╔══

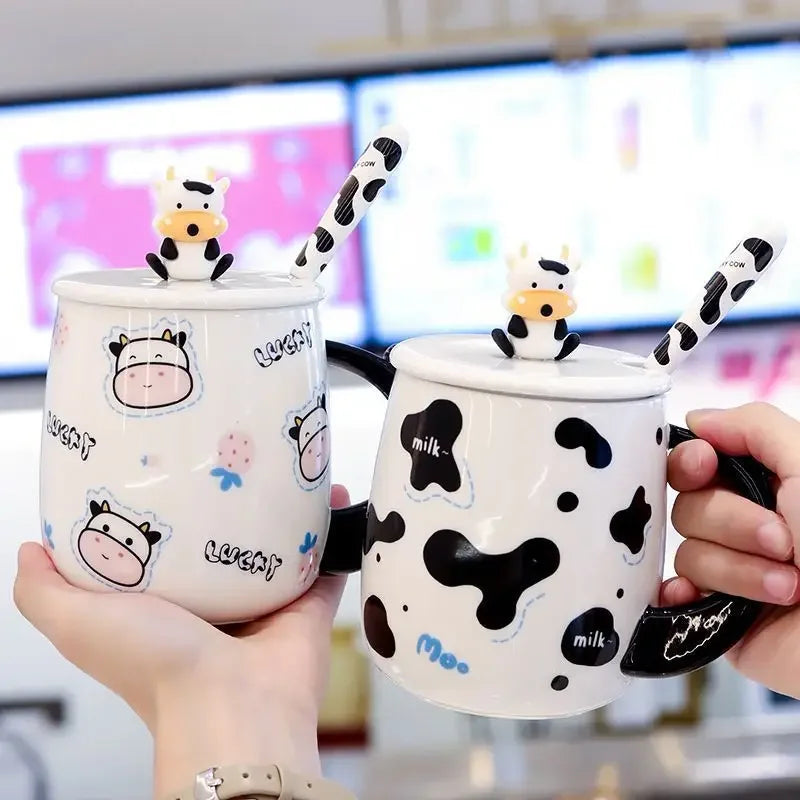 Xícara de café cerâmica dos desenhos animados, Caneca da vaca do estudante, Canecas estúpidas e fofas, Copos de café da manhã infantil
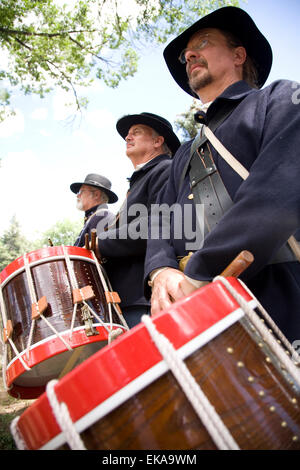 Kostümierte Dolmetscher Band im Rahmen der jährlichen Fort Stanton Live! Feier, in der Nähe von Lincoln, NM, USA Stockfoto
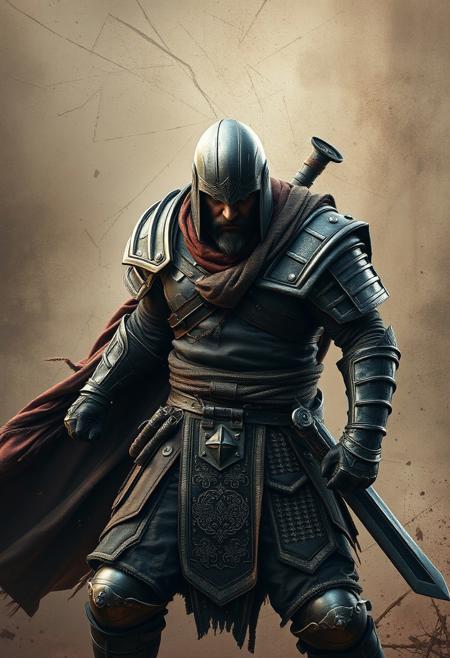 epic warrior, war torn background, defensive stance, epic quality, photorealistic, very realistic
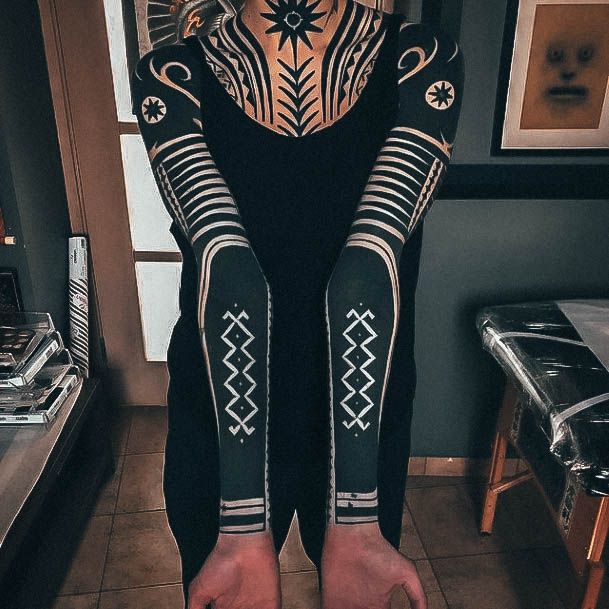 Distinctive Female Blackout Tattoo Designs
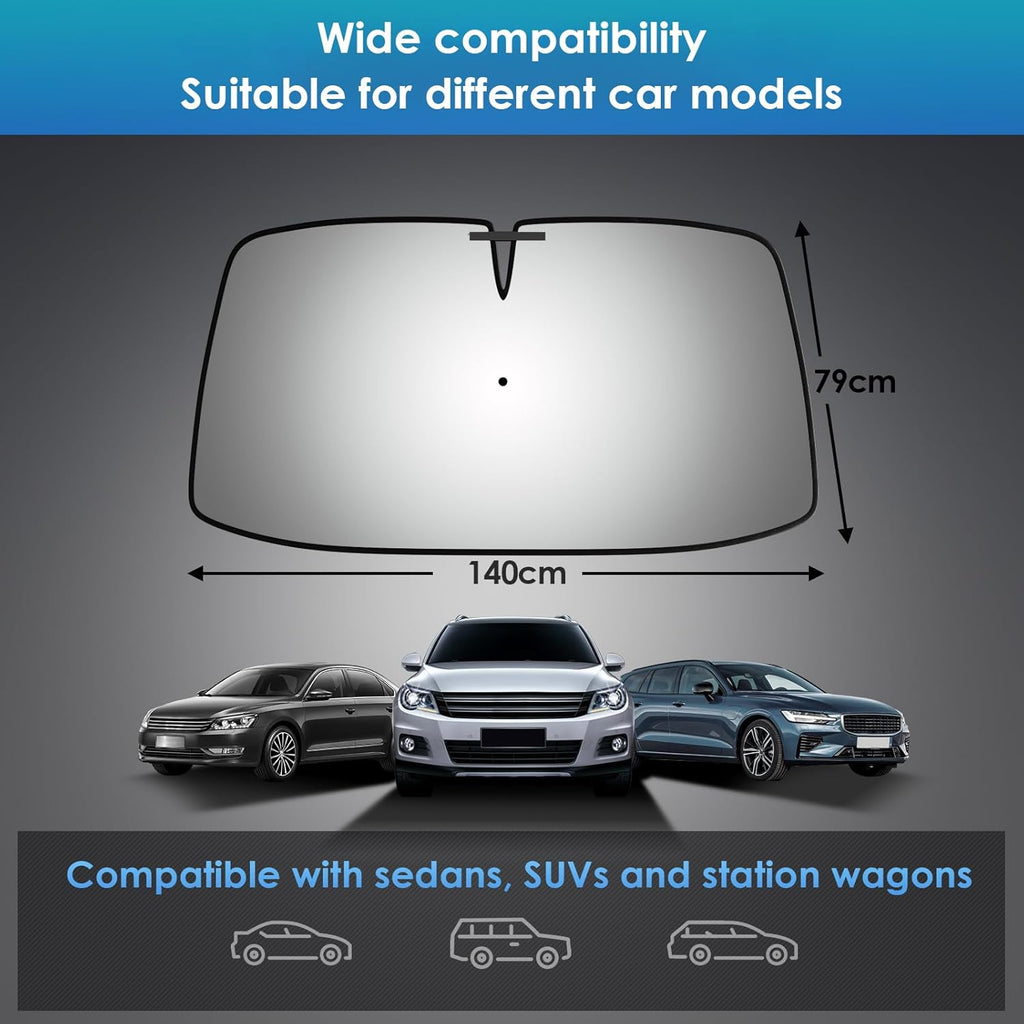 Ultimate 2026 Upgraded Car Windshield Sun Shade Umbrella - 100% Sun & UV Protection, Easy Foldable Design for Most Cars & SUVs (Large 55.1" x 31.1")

╚══

**Task requirements**
Leaving the pictures out, set down exactly the lines from the one with "epic warrior, war" through the end of the records.

**Completed task**
 epic warrior, war torn background, defensive stance, epic quality, photorealistic, very realistic
 Distinctive Female Blackout Tattoo Designs
 Ultimate 2026 Upgraded Car Windshield Sun Shade Umbrella - 100% Sun & UV Protection, Easy Foldable Design for Most Cars & SUVs (Large 55.1" x 31.1")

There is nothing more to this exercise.